Now, armed with the ability to assign a repetition level to each stored value, we can revisit and modify our in-memory layout as follows:

'en-us'  | 0
'en'     | 2
'en-gb'  | 1

Definition Level

Another number Dremel associates with each stored value is its definition level. This level indicates how may fields in a path that could be omitted, are actually present. In Name.Language.Code, both Name and Name.Language are repeated groups, which means they could be omitted. If Name is however present in a field’s path, the definition level is bumped to 1. If Name.Language is present too, the definition level is bumped to 2. This number becomes relevant for encoding of NULL values. In the following record:

Name:
    Language:
        Code: 'en-us'
        Country: 'USA'
    Language:
        Code: 'fr'
Name:
    Language:
        Code: 'en-gb'
        Country: 'USA'

The second Name.Language group has omitted the Name.Language.Country field. This information has to be stored in form of a NULL value in the Name.Language.Country column. What the definition level tells us, then, is how much of the record surrounding a field is omitted. In the above record, the Name and Name.Language group are present, but not the final Name.Language.Country field. The definition level of that NULL value would be 2, because it’s two ancestor fields are present in the record. In this record:

Name:
    Url: 'http://www.example.com'

the Language group is omitted as a whole, so the definition level of the NULL value we store for the invisible Name.Language.Country field is 1. Zooming out further:

Document:
    DocId: 1
Document:
    DocId: 2

this record doesn’t even have a Name group, so we’d store a NULL value for the Name.Language.Country column with definition value 0, because none of the optional or repeated fields in the path Name.Language.Country, which are Name, Name.Language and Name.Language.Country, are present.

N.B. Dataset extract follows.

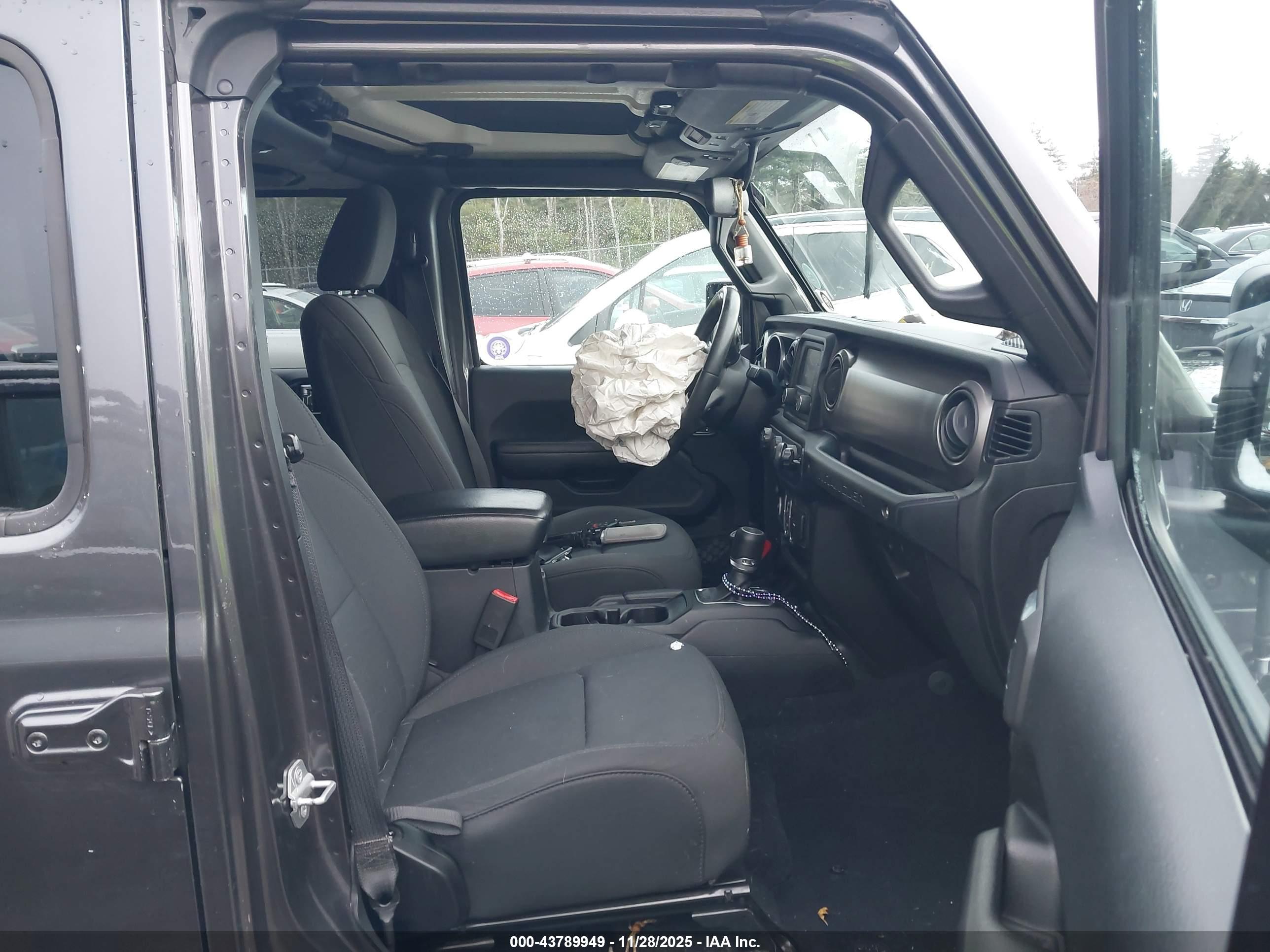 JEEP WRANGLER image 5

My understanding of the purpose of this value is not to aid in lossless storage. This, as far as I can tell, is accompalished by the repetition level alone. I believe the purpose of this number is to be able to store NULL values without storing an actual value. That is, any definition level smaller than the length of the path indicates that the value is NULL. The exact value then tells us how much of the path is omitted. Many real-world datasets are very sparse (have lots of NULL values), so efficient encoding of NULL values would have high priority in a design for a system like this.

Assembling Records

Dremel emits records as its query output. To do so, it must assemble records from the data columns it reads from memory. What is particularly important and interesting about this task is that Dremel must be able to read partial records. That is, records that follow the structure of the record schema (the Protocol Buffer specification) while omitting certain fields or entire groups. The paper describes that at Google many datasets are sparse, often with thousands of fields in the record schema, of which usually only a small subset is queried.

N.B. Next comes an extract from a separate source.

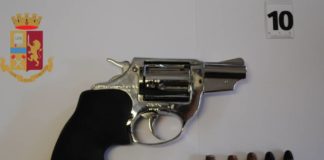 40enne spara contro l’auto della moglie e della sorella pistola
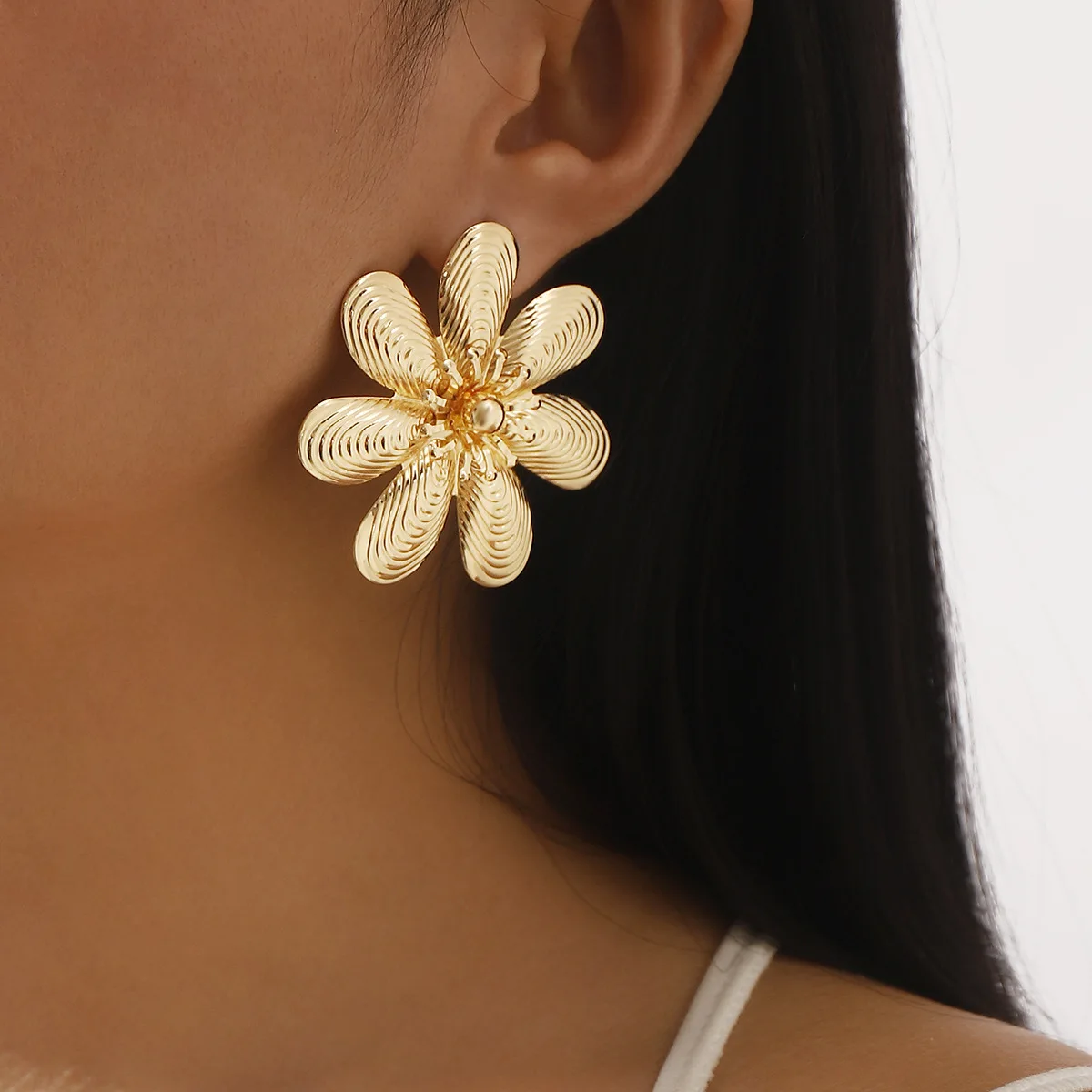 Statement Fluted Flower Stud Earrings Dramatic Ribbed Metallic Blossom Oversized Mirror Polish Disco Party Ear Jewelry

Most of the examples we’ve looked at so far were partial records, for example:

Name:
    Language:
        Code: 'en'

the only field present is Name.Language.Code. Fields like Name.Language.Country and entire groups such as Links are omitted. Nevertheless, the record follows the original schema, with Language nested under Name and Code under Language.

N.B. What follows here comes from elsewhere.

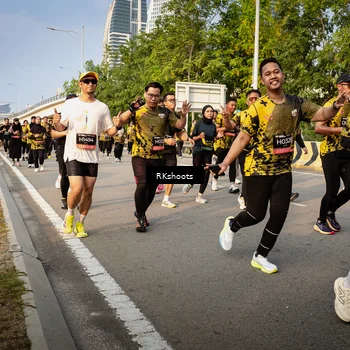 Runner Photo 6478775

To do the actual record assembly, Dremel creates a Finite State Machine (FSM). Here is an example figure from the paper:

This FSM constructs the record by logically jumping from column to column and scanning values from memory until exhausted. Edge values indicate repetition levels.

Takeaway

In conclusion, we’ve explored Dremel, a platform tailored for “Interactive Analysis of Web-Scale Datasets.” What key insights can we draw from it? Here are some takeaways:

• Scan-based queries on read-only nested data can achieve interactive speeds, typically below 10 seconds.
• Columnar storage, previously successful in relational databases, can be effectively applied to nested data in Dremel without loosing any information

The paper is commendably written and offers valuable insights on various aspects. This article aimed to supplement the paper by providing additional details where necessary, beyond the scope of an academic document.